In other words, you are already the "pack leader" so to speak. You control all the stuff: food, toys, treats, access to outside etc. dogs have to practice "dominance" so to speak on each OTHER because they don't have "one up" on one another like humans do with their control of resources. 

I love it when mine look at me with the expression of "what can I do to get [that]"  but we also do time outs or removal for really serious behaviors like squabbling, or biting during play (Josefina used to be really bad about putting her mouth on other dogs if they got the toy first) but with a "one strike & your out" where if she gets uppity with anyone during play she is on tie down for the rest of the session.

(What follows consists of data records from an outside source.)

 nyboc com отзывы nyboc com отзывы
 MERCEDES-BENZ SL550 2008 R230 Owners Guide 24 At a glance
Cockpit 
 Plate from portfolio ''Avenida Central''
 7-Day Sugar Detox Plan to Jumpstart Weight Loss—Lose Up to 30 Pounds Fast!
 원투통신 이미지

@Cranastic I didn't know Miley Cyrus owned a AKK also, interesting 

@Hueyeats as someone who has a lot of opinions that others don't like, (usually not dog related) but occasionally we have disagreed about things like making snap decisions on adopters, how some dogs need a clear negative consequence for certain behaviors.

That's cool, people can disagree sometimes & even get into some heated debates about other topics but it doesn't mean we are stalking each other or picking on one another, it just means we have a lot of conflicting views  it doesn't mean we hate each other or don't respect one another.


----------



## Crantastic (Feb 3, 2010)

OwnedbyACDs said:


> @Cranastic I didn't know Miley Cyrus owned a AKK also, interesting


Yeah! His name is Floyd and she seems to take great care of him. Good food, lots of walks, and he looks to be happy and in good health. Always nice to see celebs spending a lot of time with their dogs. Here are some photos. One of the captions is wrong, though; Floyd was not a rescue. He came from a good breeder.

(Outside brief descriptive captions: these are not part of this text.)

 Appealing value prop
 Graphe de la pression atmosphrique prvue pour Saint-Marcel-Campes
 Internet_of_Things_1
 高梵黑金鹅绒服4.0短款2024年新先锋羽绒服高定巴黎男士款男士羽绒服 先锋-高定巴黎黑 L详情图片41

> That's cool, people can disagree sometimes & even get into some heated debates about other topics but it doesn't mean we are stalking each other or picking on one another, it just means we have a lot of conflicting views  it doesn't mean we hate each other or don't respect one another.


Yeah. I don't think there's anyone on this forum that I agree with 100% of the time. There are some people where it seems like the split is around 50/50, haha. Even if I'm arguing with these people half the time, that doesn't mean that I think they're stupid or dislike them. It just means that I disagree about whatever subject we're discussing at the time.


----------



## Amaryllis (Dec 28, 2011)

I'll just ignore Huey's banana beaver cycling Gaelic stapler*, and get back to the OP's question. 

1. Stop watching Cesar Milan. On TV, It's Me or the Dog isn't bad, but dogstardaily.com and kikopup on youtube are where it's really at for understanding dogs and training. (Or stick around here. We do occasionally help people around First Amendment discussions.)

2. My dog's favorite person is my mother in law. Why? Because my MIL works a lot and doesn't know much about dogs, so her way of dealing with Kabota is to give him treats every time she sees him. Every single time. If your husband wants the dog to like him, he needs to stop with the neck jabs, leash pops and rolling and begin anew with lots and lots of treats.


*What's the point in trying to communicate if you won't use the accepted meanings of words?


----------



## Hambonez (Mar 17, 2012)

You guys should think of yourselves as your dog's teacher, not your dog's pack leader. Think of what a good teacher does - gives instructions, shows the right way to do things, rewards correct answers. We do this with our dogs. But what if a student does something wrong? They don't get the positive feedback of a good grade or a kind word, but they also don't get degraded or physically reprimanded. With a good teacher, if the student isn't performing as expected, then the teacher did not do a good enough job with instruction. Try to keep everything positive. The "pack leader" mentality includes physical corrections, and there's nothing relationship building about that. 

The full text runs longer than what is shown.